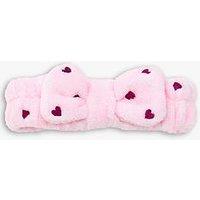 Boux Avenue Heart Bow Beauty Headband - Pink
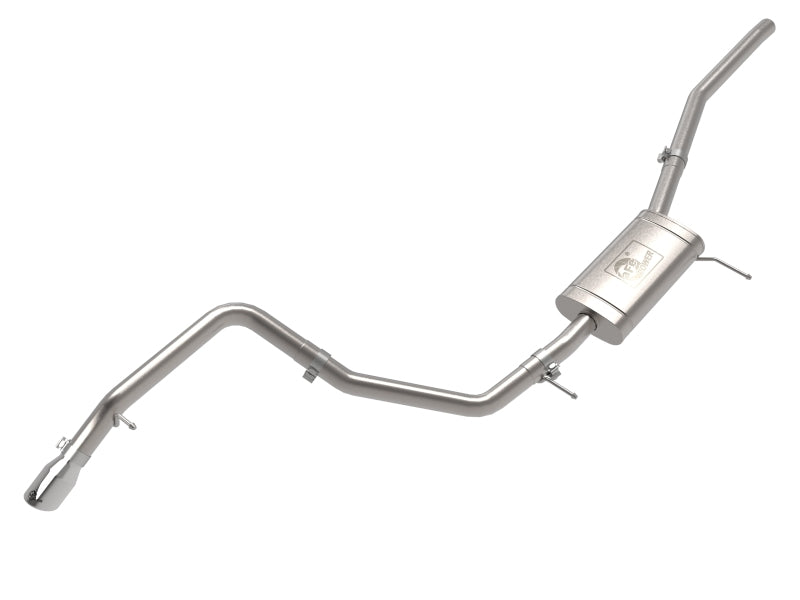 aFe 22-23 Ford Maverick EcoBoost L4 2.0L(t) Vulcan Series 2-1/2in 304 SS Cat-Back w/ Polished Tip 49-33145-P 49-33145-P Photo - Primary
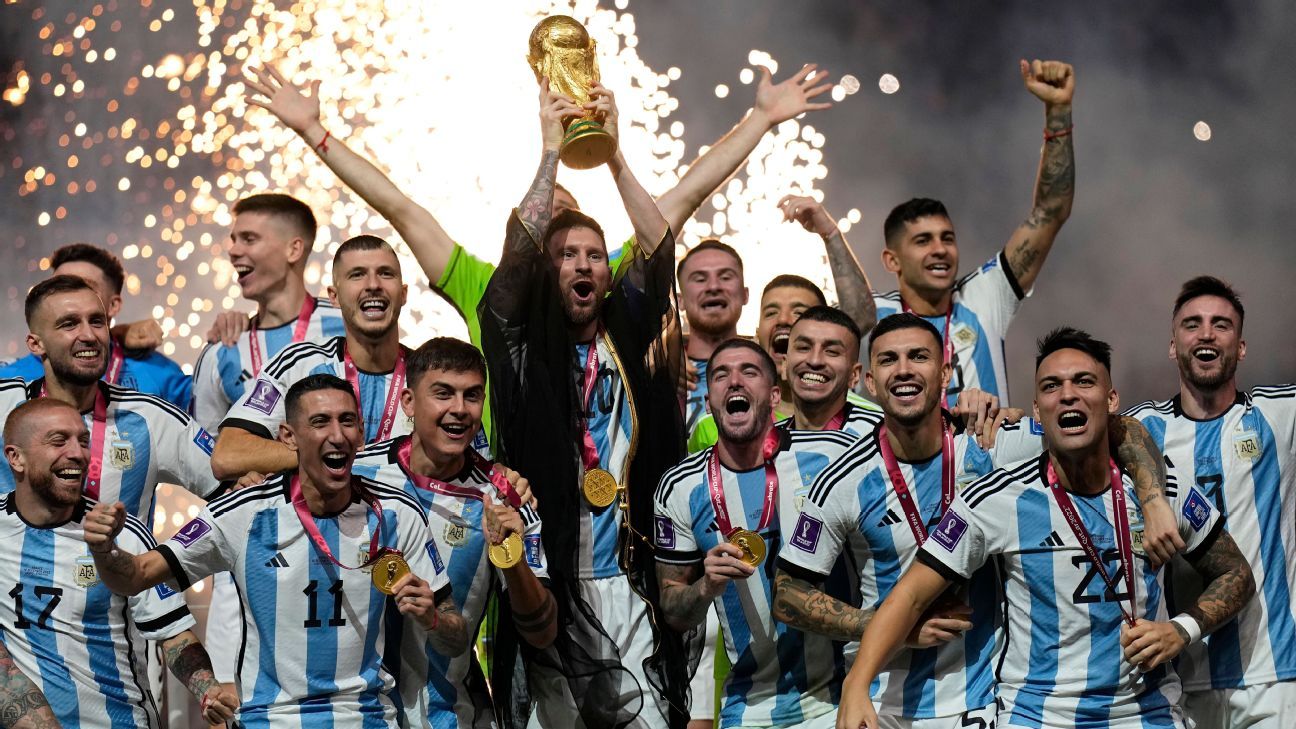 De una vez por todas, Argentina fue campeón del mundo en Qatar 2022, con una actuación estelar de un Messi endiosado.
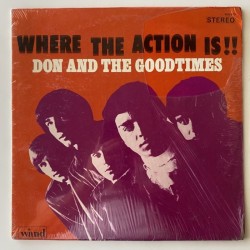 Don and the Goodtimes - Where the Action is WDS 679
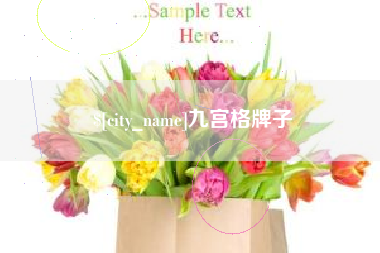 承德九宫格牌子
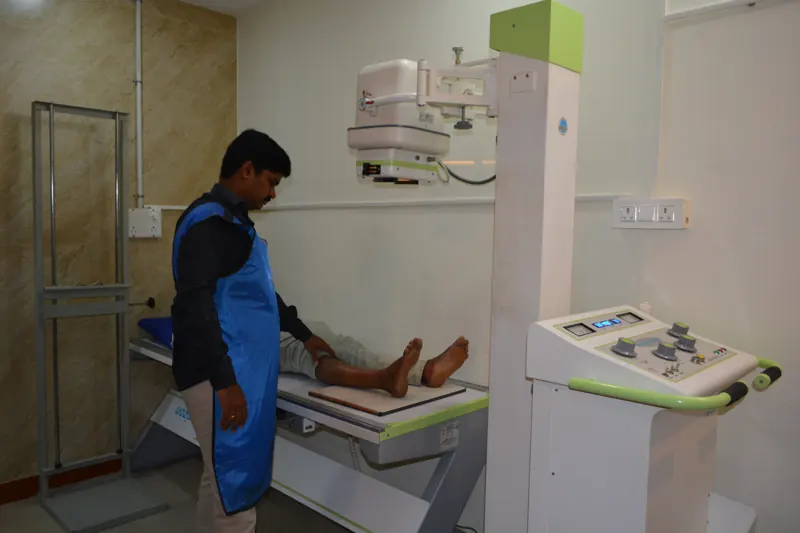 The X-ray room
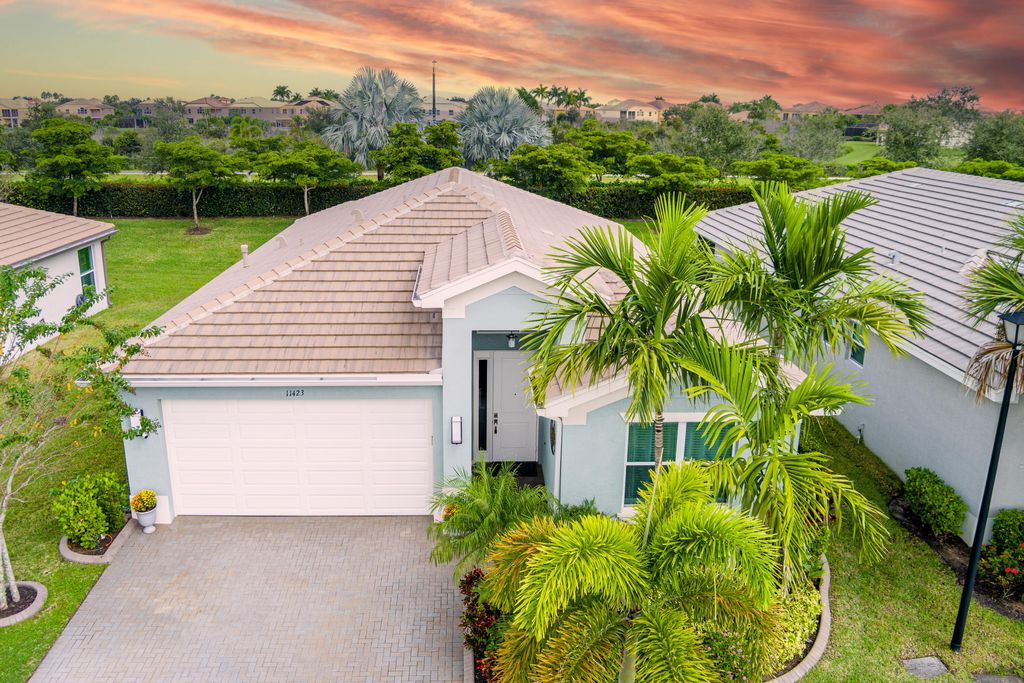 Photo of 11423 SW Hawkins Terrace, Port Saint Lucie, FL 34987 (MLS # R11128854)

_Exercise brief:_
Beginning at the line with "Don and the", reproduce each line exactly through the last line of the records above, with pictures left out.

_Written answer:_
 Don and the Goodtimes - Where the Action is WDS 679
 承德九宫格牌子
 The X-ray room
 Photo of 11423 SW Hawkins Terrace, Port Saint Lucie, FL 34987 (MLS # R11128854)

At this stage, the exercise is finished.